Affinity Labs of Tex., LLC v. Clear Channel Broad., Inc.

Decision Date29 April 2014
Docket NumberCIVIL ACTION NO. 1:12-CV-205-LY
PartiesAFFINITY LABS OF TEXAS, LLC, PLAINTIFF, v. CLEAR CHANNEL BROADCASTING, INC.; CUMULUS MEDIA, INC.; AND UNIVISION INTERACTIVE MEDIA, INC. DEFENDANTS.
CourtU.S. District Court — Western District of Texas
MEMORANDUM OPINION AND ORDER
ON CLAIM CONSTRUCTION

Before the court are the parties' Joint Claim Construction Statement filed January 4, 2013 (Clerk's Doc. No. 84); Plaintiff Affinity Labs of Texas, LLC's Opening Claim Construction Brief filed January 18, 2013 (Clerk's Doc. No. 89); Defendants Clear Channel Broadcasting, Inc., Cumulus Media, Inc., and Univision Interactive Media, Inc.'s Opening Claim Construction Brief filed January 18, 2013 (Clerk's Doc. No. 90); Defendants' Reply Claim Construction Brief filed February 8, 2013 (Clerk's Doc. No. 93); Plaintiff's Reply Claim Construction Brief filed February 8, 2013 (Clerk's Doc. No. 94); and the parties' claim-construction presentations.

The court held a claim-construction hearing on February 22, 2013. See Markman v. Westview Instruments, Inc., 52 F.3d 967, 976 (Fed. Cir. 1995) (en banc), aff'd, 517 U.S. 370 (1996). After considering the patent and its prosecution history, the parties' claim-construction briefs, the applicable law regarding claim construction, and argument of counsel, the court now renders its order with regard to claim construction.

I. Introduction

The court renders this memorandum opinion and order to construe the claims of the patent-in-suit in this cause, U.S. Patent No. 7,970,379 ("the '379 patent"). Plaintiff Affinity Labs of Texas, LLC ("Affinity") asserts claims against Defendants1 Clear Channel Broadcasting, Inc., Cumulus Media, Inc., and Univision Interactive Media, Inc. for infringement of the '379 Patent. Clear Channel, by counterclaim, seeks declaratory judgments of both noninfringement and invalidity of the '379 Patent. The asserted patent generally relates to systems and methods for wirelessly communicating selective broadcast information to an electronic device.

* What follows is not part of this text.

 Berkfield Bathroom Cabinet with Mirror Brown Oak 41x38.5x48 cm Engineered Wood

II. Legal Principles of Claim Construction

Determining infringement is atwo-step process. See Markman, 52 F.3d at 976 ("[There are] two elements of a simple patent case, construing the patent and determining whether infringement occurred . . . ."). First, the meaning and scope of the relevant claims must be ascertained. Id. Second, the properly construed claims must be compared to the accused device. Id. Step one, claim construction, is the current issue before the court.

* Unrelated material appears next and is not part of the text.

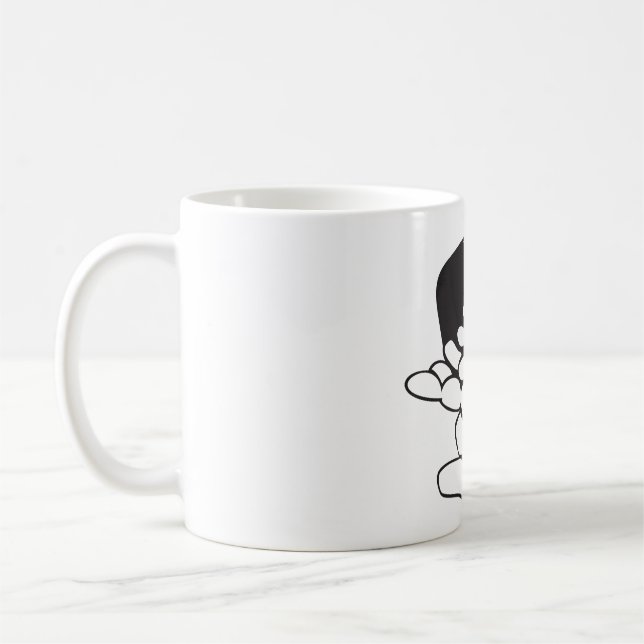 Caneca De Café Spilled Beans Black and White Outline (Esquerda)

The court construes patent claims without the aid of a jury. See Markman 52 F.3d at 979. The "words of a claim 'are generally given their ordinary and customary meaning.'" Phillips v. AWE Corp., 415 F.3d 1303, 1312 (Fed. Cir. 2005) (en banc) (quoting Vitronics Corp v. Conceptronic, Inc., 90 F.3d 1576, 1582 (Fed. Cir. 1996)). The ordinary and customary meaning of a claim term is the meaning that the term would have to a person of ordinary skill in the art in question at the time of the invention. Id. at 1313. The person of ordinary skill in the art is deemedto have read the claim term in the context of the entire patent. Id. Therefore, to ascertain the meaning of claims, courts must look to the claims, the specification, and the patent's prosecution history. Id. at 1314-17; Markman, 52 F.3d at 979.

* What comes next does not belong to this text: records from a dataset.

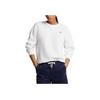 Polo Ralph Lauren FW23 Solid Color Small Pony Embroidered Casual Loose Round Neck Long Sleeve Sweatshirt Women sweatshirt White 211841662-001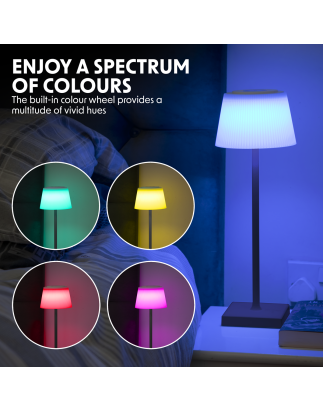 Dellonda Rechargeable Table Lamp for Home Office Restaurant RGB Colours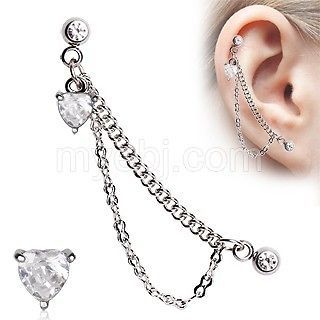 Clear 16g Heart 316L Surgical Steel Double Chained Cartilage Earring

Claim language guides the court's construction of claim terms. Phillips, 415 F.3d at 1314. "[T]he context in which a term is used in the asserted claim can be highly instructive." Id. Other claims, asserted and unasserted, can provide additional instruction because "terms are normally used consistently throughout the patent." Id. Differences among claims, such as additional limitations in dependent claims, can provide further guidance. Id.

Claims must also be read "in view of the specification, of which they are a part." Markman, 52 F.3d at 979. The specification "is always highly relevant to the claim construction analysis. Usually, it is dispositive; it is the single best guide to the meaning of a disputed term." Teleflex, Inc. v. Ficosa N. Am. Corp., 299 F.3d 1313, 1325 (Fed.Cir.2002) (internal citations omitted). In the specification, a patentee may define a term to have a meaning that differs from the meaning that the term would otherwise possess. Phillips, 415 F.3d at 1316. In such cases, the patentee's lexicography governs. Id. The specification may also reveal a patentee's intent to disclaim or disavow claim scope. Id. Such intentions are dispositive for claim construction. Id. Although the specification may indicate that certain embodiments are preferred, particular embodiments appearing in the specification will not be read into the claims when the claim language is broader than the embodiment. Electro Med. Sys., S.A. v. Cooper Life Scis., Inc., 34 F.3d 1048, 1054 (Fed. Cir. 1994).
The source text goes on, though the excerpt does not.